As a mom, I let Mikay talk back to me as long as:
1. She doesn't hit me with anything, no throwing of toys or what not
2. She doesn't say anything foul (bad words, or anything that personally attacks me and not the issue)
3. She explain her side and point well
1. She doesn't hit me with anything, no throwing of toys or what not
2. She doesn't say anything foul (bad words, or anything that personally attacks me and not the issue)
3. She explain her side and point well
My point is, I let her tell me why she's upset or angry rather than tell her to not shout at me or answer me bc I'm her mom. For me, my daughter is human so she's capable of being angry and invalidating her right to be angry will just damage our relationship
I let her shout, I let her cry if she wants to, she even glares (wc honestly make me feel uncomfortable) but she's angry. So she has to release her anger. Its better for me to know why she's angry so I'll be able to change my ways
Likewise, I don't hide my emotions to her, although of course, unlike her, I control mine. But I tell her I'm angry and explain to her why. She'll sometimes ask me why I'm shouting and I'll tell her straight up, because I'm angry and then explain to her why. And if I'm too angry
I'll leave her for a while and be alone to control my emotions before explaining to her. She does this too. She'll get so angry, walk out, stay in the room and then think. She'll come out and say "I'm sorry I got angry..." and then explain why she was angry
Unlike the traditional "wag mo kong tatalikuran, kinakausap pa kita", i let her leave. I let her cool down and think.

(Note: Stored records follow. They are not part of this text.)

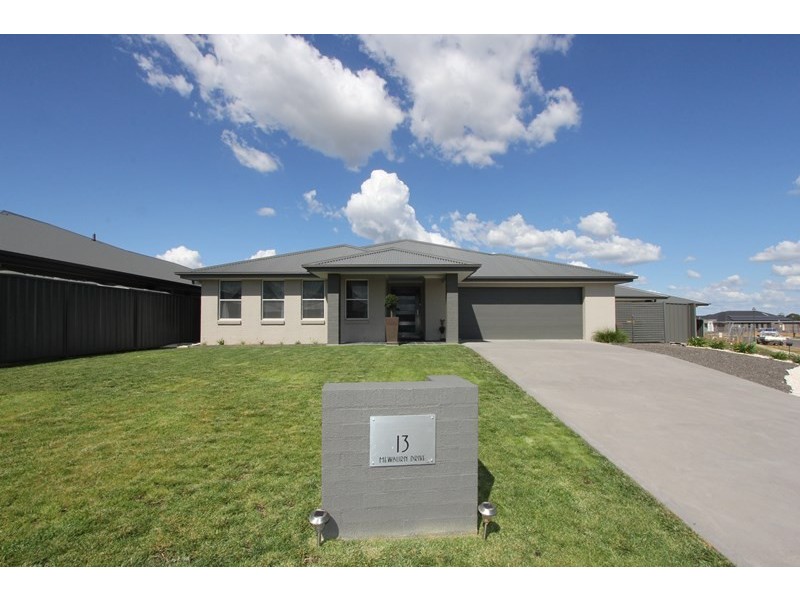 13 Mewburn Drive, Goulburn NSW 2580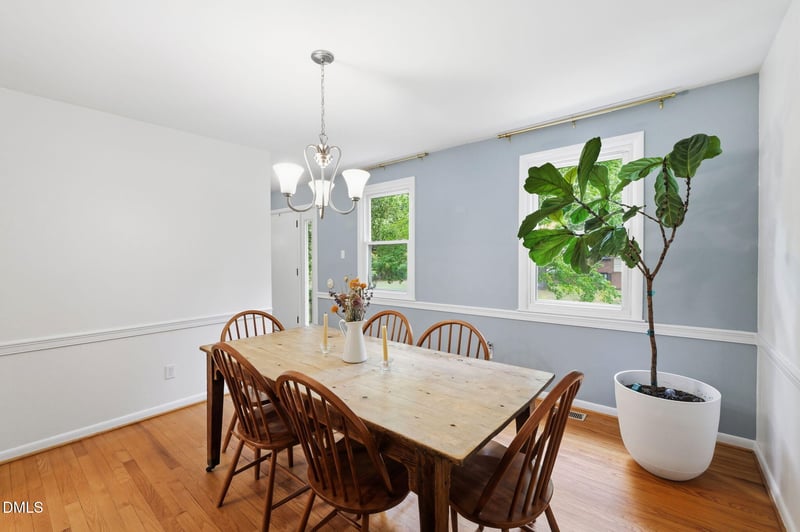 304 Plum Ln, Chapel Hill, NC 27517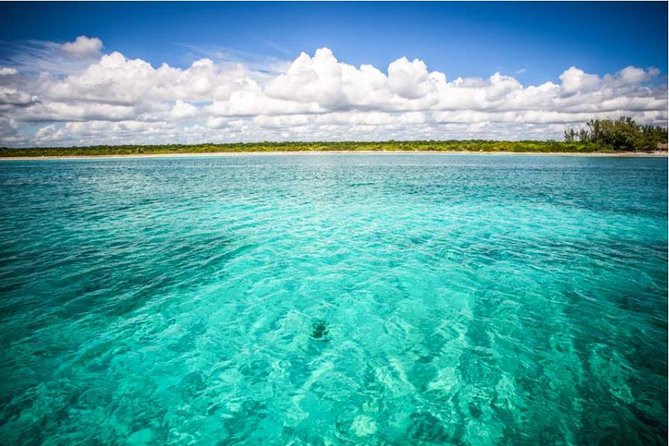 5H 42' Azimut Yacht All-Inclusive from Tulum & Playa del Carmen. - Setting sail from Puerto Aventuras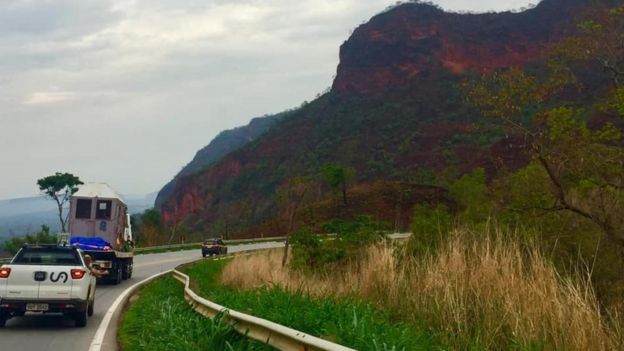 Carreta com Ramba é escoltada por dois carros da PRF de SP em estrada no Mato Grosso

And if she apologize, I ask her the question "why". Why are you apologizing? Why did you do that? I want her to know what she did wrong and not just
Apologize to not make me angry anymore. Likewise, I apologize if I shouted at her or gone way overboard, and then again, explain why I got mad.
You see, being a parent is hard, especially in this generation where we want to correct the past generation's way of handling their children. I grew up holding my emotions to myself, and it is painful. I still carry the wounds until today. I dont want Mikay to experience the same
So I'm trying my bestest to educate her, be open-minded and understanding, and not invalidate her feelings too. I'm not perfect and I'm kinda doing this discipline thing alone. Its hard to discipline a child when you had a rough childhood. So to my future parents out there:
Good luck! And don't do to your children the things that traumatized you. Save them from the pain you went through.
Hi, its me once again
i thought this post has died down already, but it has come to my attention that this thread has reached FB which I'm totally not against. But please, kindly censor my and my daughter's name. There is a reason why I posted it here on Twitter instead of FB

As much as I want to impart knowledge to future parents , I also want to maintain a little privacy for me and my child. Although Twitter is also a public place, i must admit that people here are open minded and more welcoming.
Another reason is because my family, who also belong to the boomer generation is also there and I don't think they'd be happy to see my name lecturing about "talking back"
I hope you understand my situation. I also understand that you want to give credit for my thoughts, but this is my only condition. Thank you!